(Pictures with short captions)

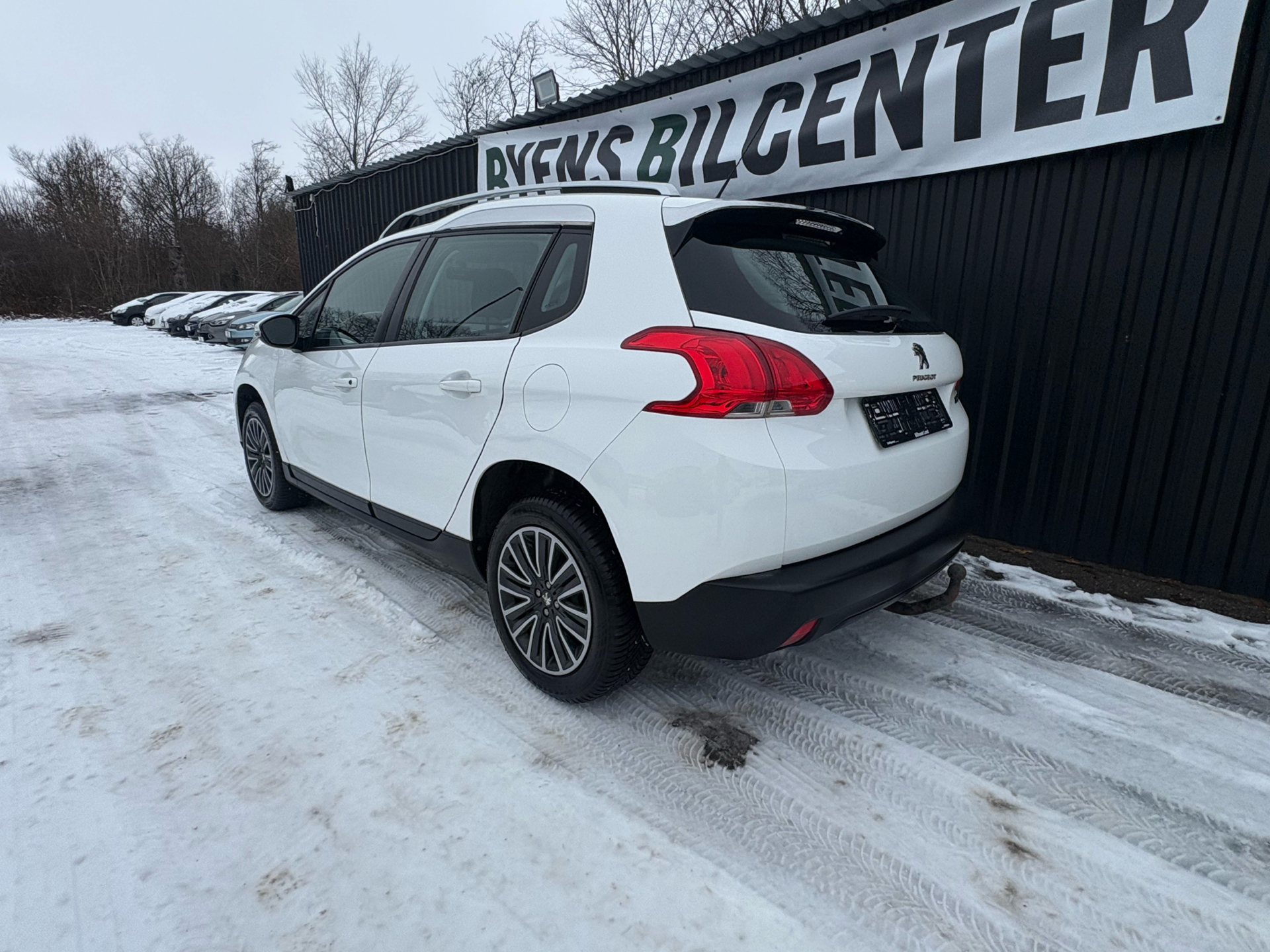 Billede af Peugeot 2008 1,2 VTi Excite 82HK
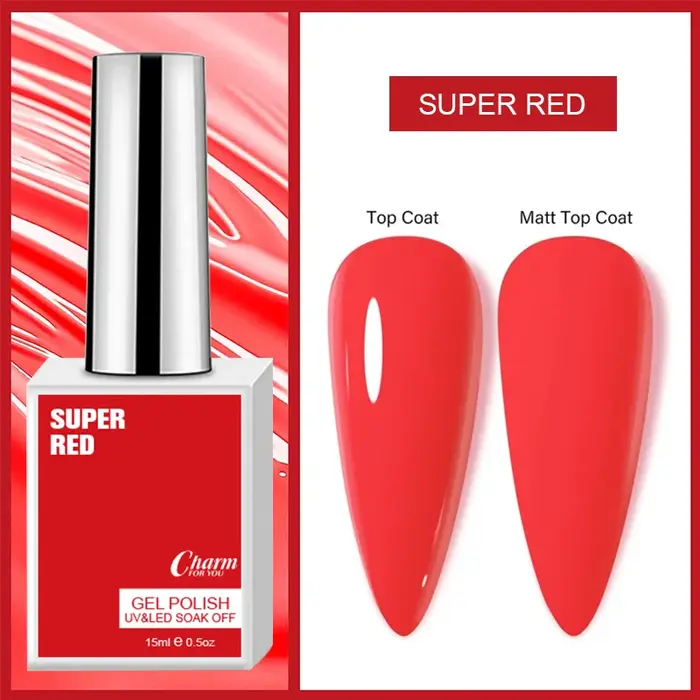 Vernis à ongles Gel classique de 15ml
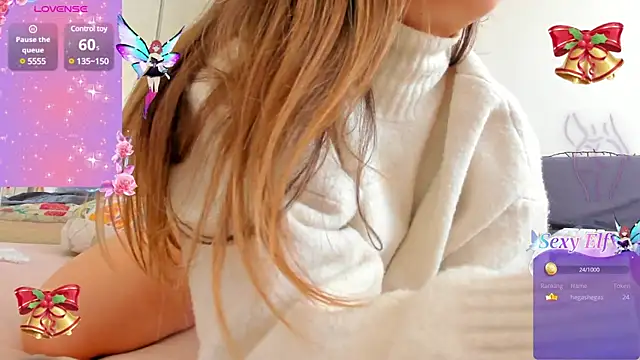 angeloflovee online show from 12-14-24, 09:18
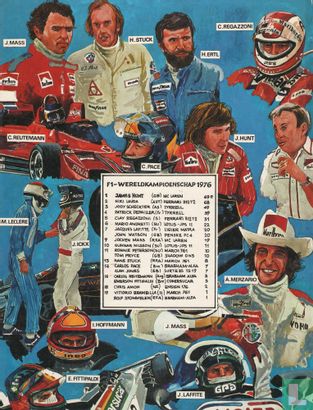 Grands Prix F1 1976 - Afbeelding 2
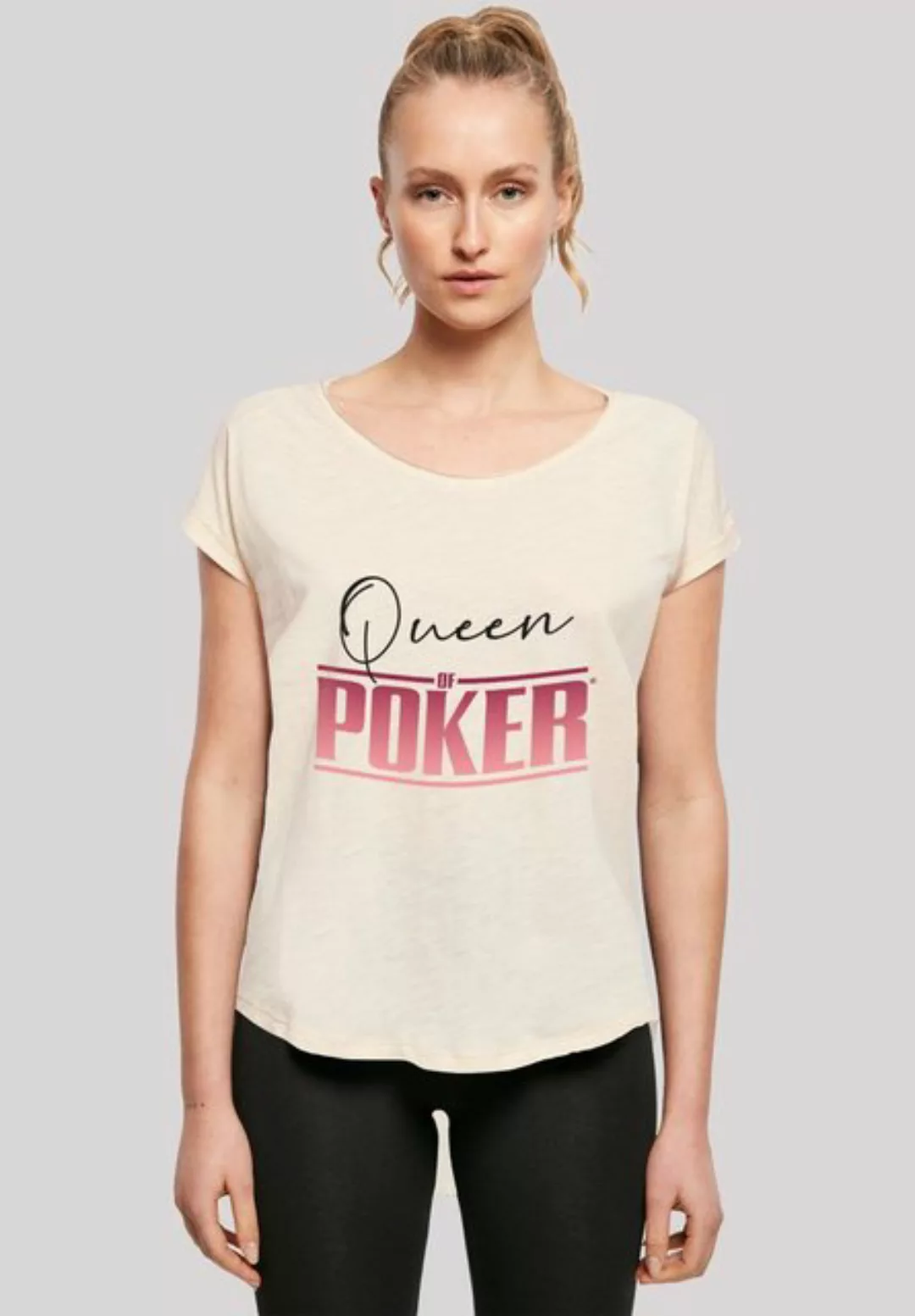 F4NT4STIC T-Shirt "Queen of Poker" günstig online kaufen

• _Your task_:
Could you give all the records again, exactly, minus the pictures?

• _Solution_:
 Billede af Peugeot 2008 1,2 VTi Excite 82HK
 Vernis à ongles Gel classique de 15ml
 angeloflovee online show from 12-14-24, 09:18
 Grands Prix F1 1976 - Afbeelding 2
 F4NT4STIC T-Shirt "Queen of Poker" günstig online kaufen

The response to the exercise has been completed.